- **DATA PROVIDED**:
--- START ---

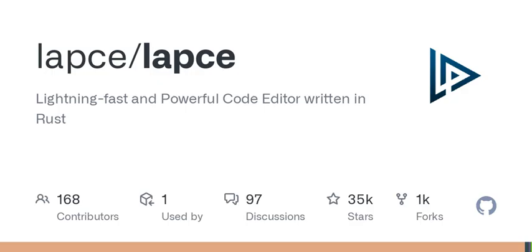So how do you get started with LAPSY? It's straightforward — you can find pre-built releases for Windows, Linux, and macOS. For the adventurous among you, there's the option to compile it from source or use a package manager. The development community is also very welcoming, and you can find guidelines for contributing if you want to be part of shaping LAPSY's future.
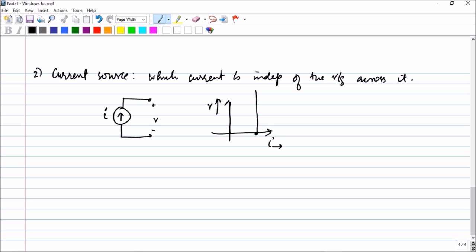In the next session we will be defining what is a dependent voltage source and dependent current source, and we will be doing problems associated with bringing all these elements together. Till now the circuit element was a black box — we didn't know what it was, but now we have given a proper definition. The next lecture we will be defining dependent voltage source, dependent current source, and we will be doing problems on power absorption including all these elements. Thank you for watching and I will see you in the next one.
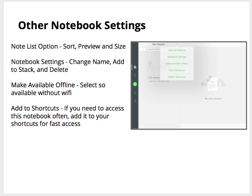Other notebook settings: you can choose the list option to sort by preview or size. Under Notebook Settings, you can change the name, add to a stack — which is a collection of notebooks — or delete. Make available offline; that's something that all of your notebooks should be set to, so if you haven't done that, you can do it right here. Add to Shortcuts — if you're going to need access to this notebook often, I strongly recommend that you use this to add it to Shortcuts.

--- END ---

Line for line, retype the material exactly, omitting any pictures.

- **YOUR RESPONSE**:
So how do you get started with LAPSY? It's straightforward — you can find pre-built releases for Windows, Linux, and macOS. For the adventurous among you, there's the option to compile it from source or use a package manager. The development community is also very welcoming, and you can find guidelines for contributing if you want to be part of shaping LAPSY's future.
In the next session we will be defining what is a dependent voltage source and dependent current source, and we will be doing problems associated with bringing all these elements together. Till now the circuit element was a black box — we didn't know what it was, but now we have given a proper definition. The next lecture we will be defining dependent voltage source, dependent current source, and we will be doing problems on power absorption including all these elements. Thank you for watching and I will see you in the next one.
Other notebook settings: you can choose the list option to sort by preview or size. Under Notebook Settings, you can change the name, add to a stack — which is a collection of notebooks — or delete. Make available offline; that's something that all of your notebooks should be set to, so if you haven't done that, you can do it right here. Add to Shortcuts — if you're going to need access to this notebook often, I strongly recommend that you use this to add it to Shortcuts.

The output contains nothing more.